DATA FOR THIS TASK section start

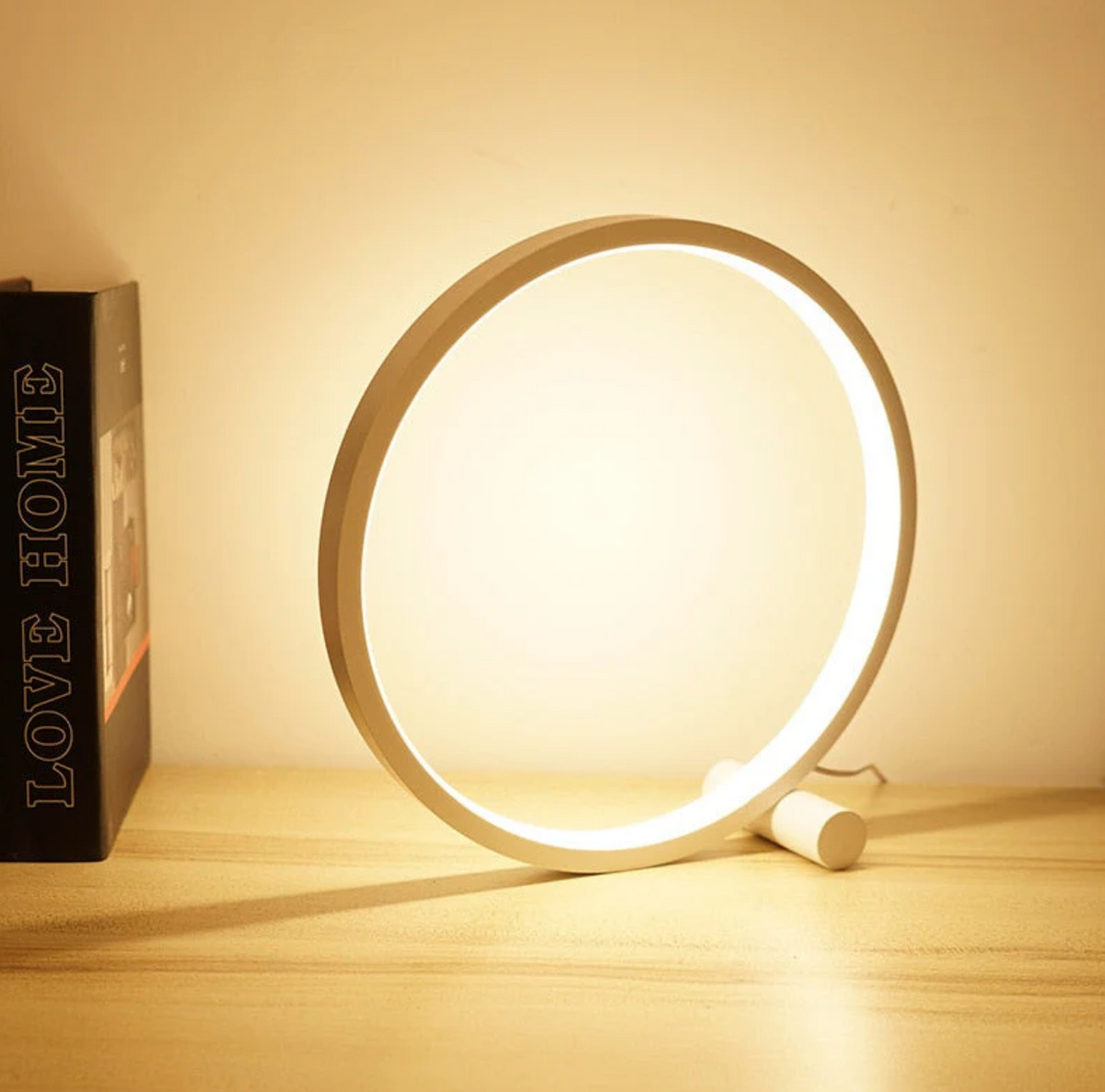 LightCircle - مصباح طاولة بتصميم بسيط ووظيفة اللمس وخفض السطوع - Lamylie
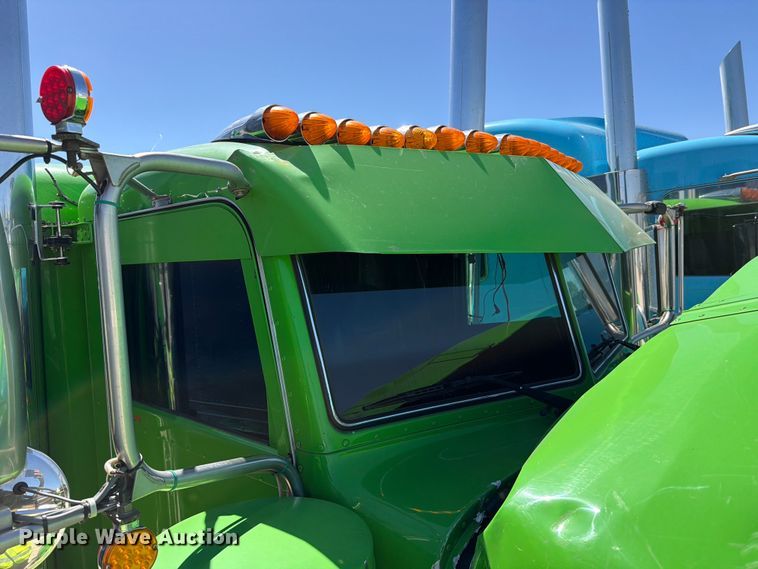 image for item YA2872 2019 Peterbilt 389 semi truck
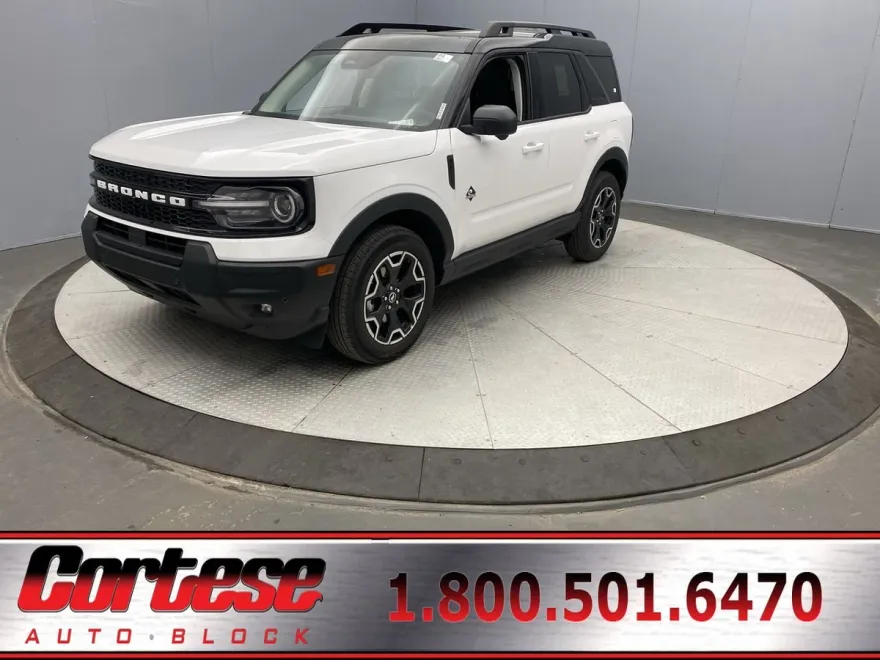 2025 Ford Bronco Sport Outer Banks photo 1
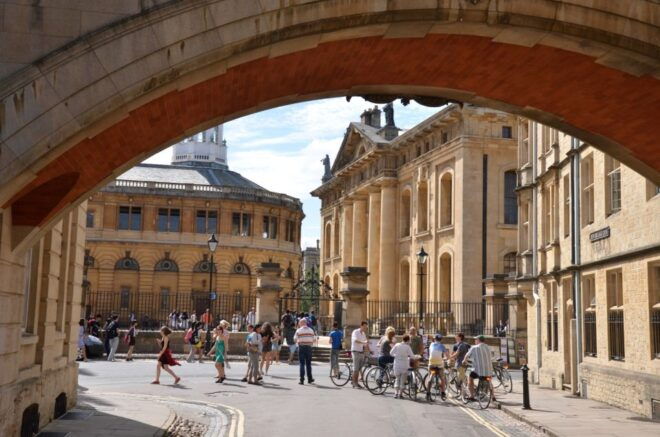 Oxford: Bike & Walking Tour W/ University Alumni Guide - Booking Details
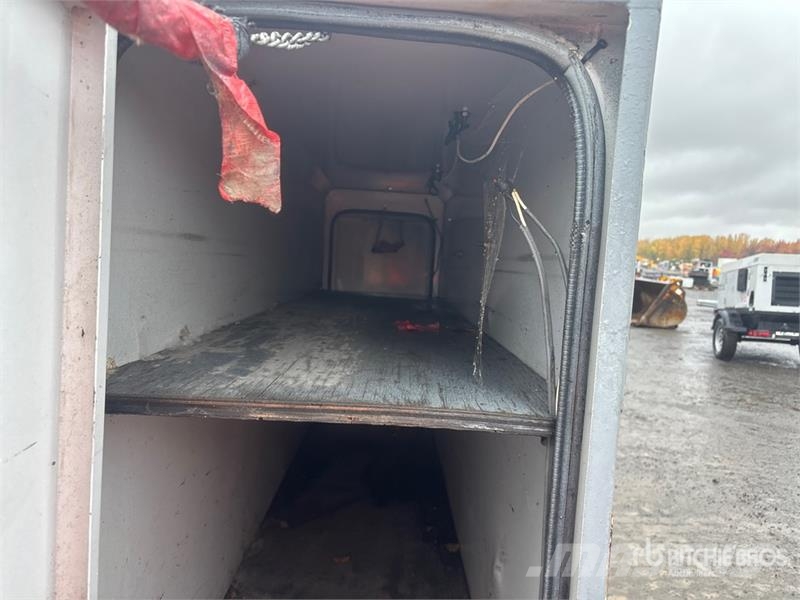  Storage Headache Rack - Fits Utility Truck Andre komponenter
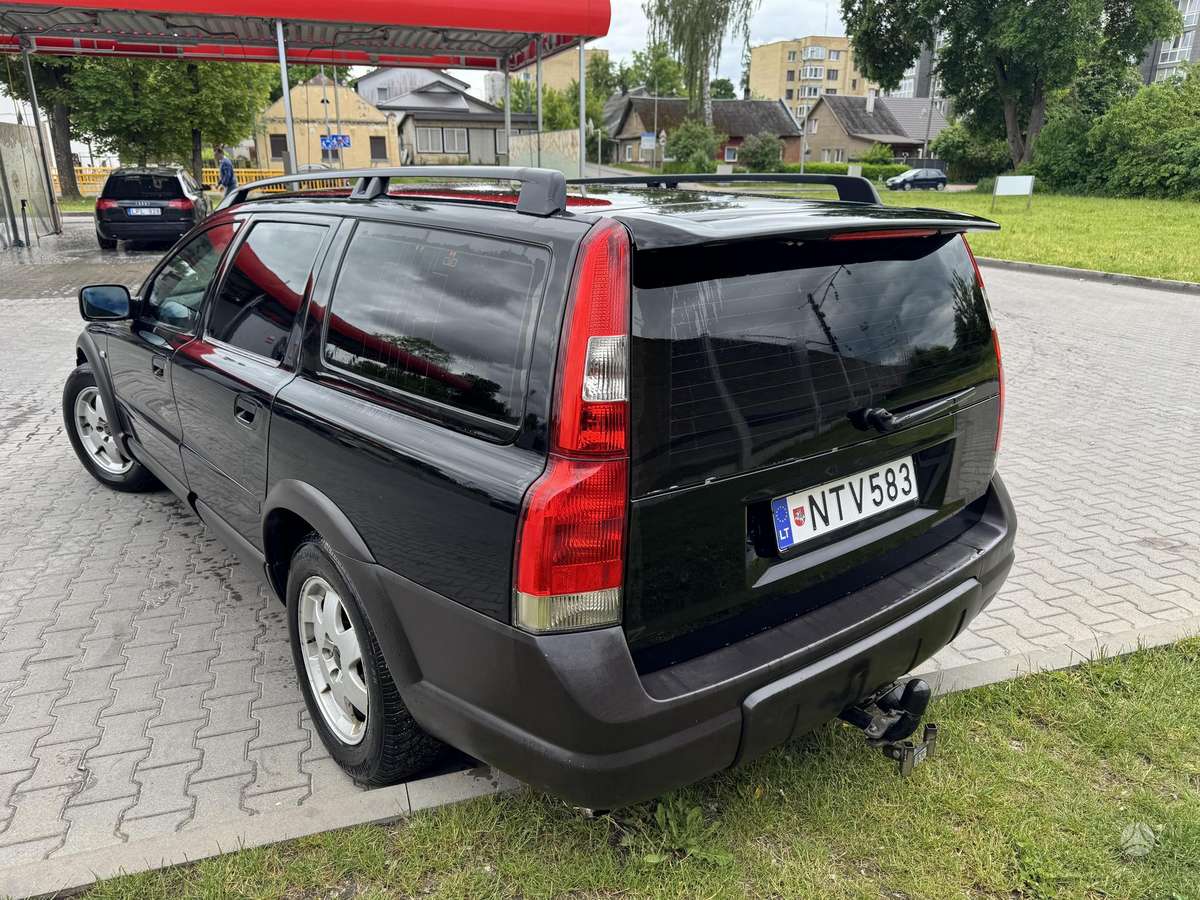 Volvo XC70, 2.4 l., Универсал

DATA FOR THIS TASK section end
DATA FOR THIS TASK section start

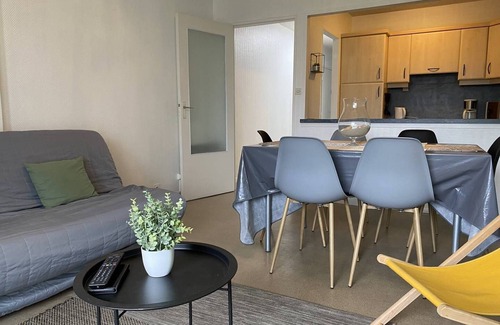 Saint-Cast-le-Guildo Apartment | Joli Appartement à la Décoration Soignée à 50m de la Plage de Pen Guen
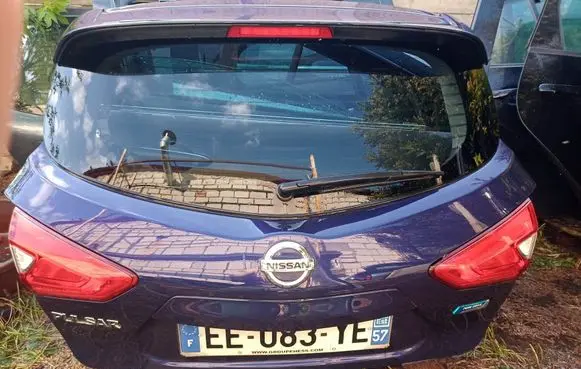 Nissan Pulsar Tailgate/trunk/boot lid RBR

DATA FOR THIS TASK section end

TASK REQUIREMENTS
Set down exactly the lines above, from the line containing "2025 Ford Bronco Sport Outer Banks photo 1" through the line containing "Volvo XC70, 2.4 l., Универсал". Skip the pictures.

ANSWER SPACE
 2025 Ford Bronco Sport Outer Banks photo 1
 Oxford: Bike & Walking Tour W/ University Alumni Guide - Booking Details
  Storage Headache Rack - Fits Utility Truck Andre komponenter
 Volvo XC70, 2.4 l., Универсал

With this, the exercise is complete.